Alors que moins de trois années s’étaient écoulées entre les sorties des Push de première et deuxième génération, il aura fallu attendre plus de sept ans pour voir enfin débarquer la 3e version. L’attente fut longue, mais la récompense pour les utilisateurs d’Ableton Live est à la hauteur des plus folles espérances. Mode autonome, matrice de pads compatible MPE, les nouveautés sont marquantes et tournées vers de nouvelles façons de faire de la musique.
Pour fêter les 10 ans de Push, on ne pouvait rêver mieux qu’une troisième mouture du célèbre contrôleur pour Live. On l’a attendu ce Push 3, les rumeurs s’intensifiant depuis quelques mois, tandis que les stocks amoindris de Push 2 ne faisaient que confirmer la sortie prochaine d’un nouveau contrôleur.

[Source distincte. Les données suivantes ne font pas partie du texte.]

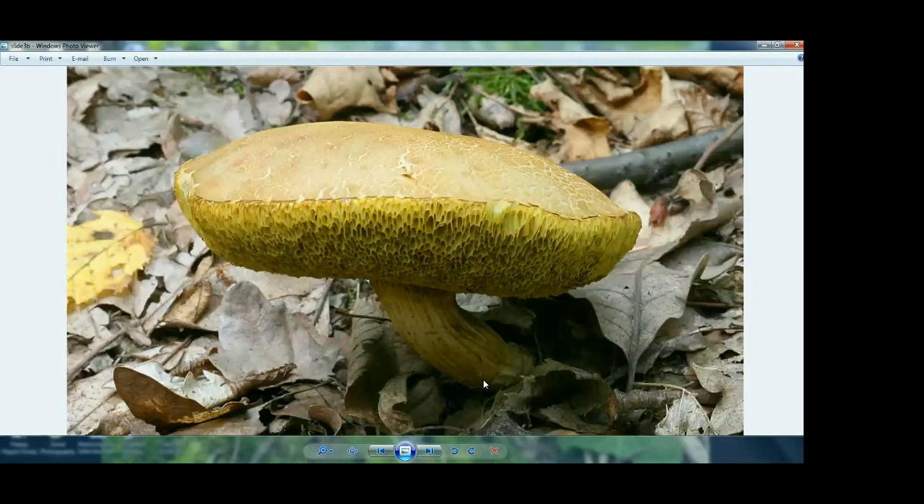These are pores, and this is a bolete mushroom. For pores, you want to look for color — very, very important. You also want to look for the size of the pores, because certain species have very, very big pores and some have really tiny ones you almost can't even see. Then you also want to look at the pore shape — there are hexagonal ones, perfectly round ones, elliptical ones, all sorts of different ones. Those are all things that are going to help you identify based on the spore-bearing surface.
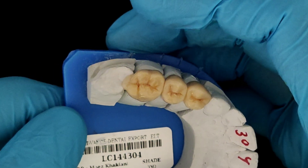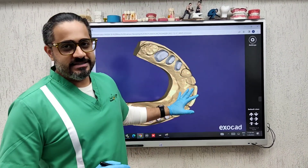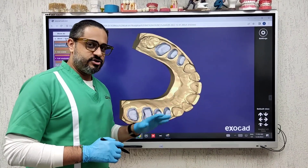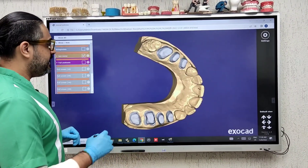Let's see how this looks in an Exocad design. Lab communication is the key here. I want you to see this Exocad that the technician has designed for me — this is by Advanced Dental based in Surat.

À l’annonce du Push 3, certains ont pu être déçus. Et pour cause, au premier coup d’œil, les nouveautés ne sont pas évidentes à discerner. On aperçoit bien un nouveau jogwheel en haut à gauche du contrôleur, mais l’écran reste de même dimension et la disposition générale des boutons reste peu ou prou identique. Il en va de même du format et de la finition globale.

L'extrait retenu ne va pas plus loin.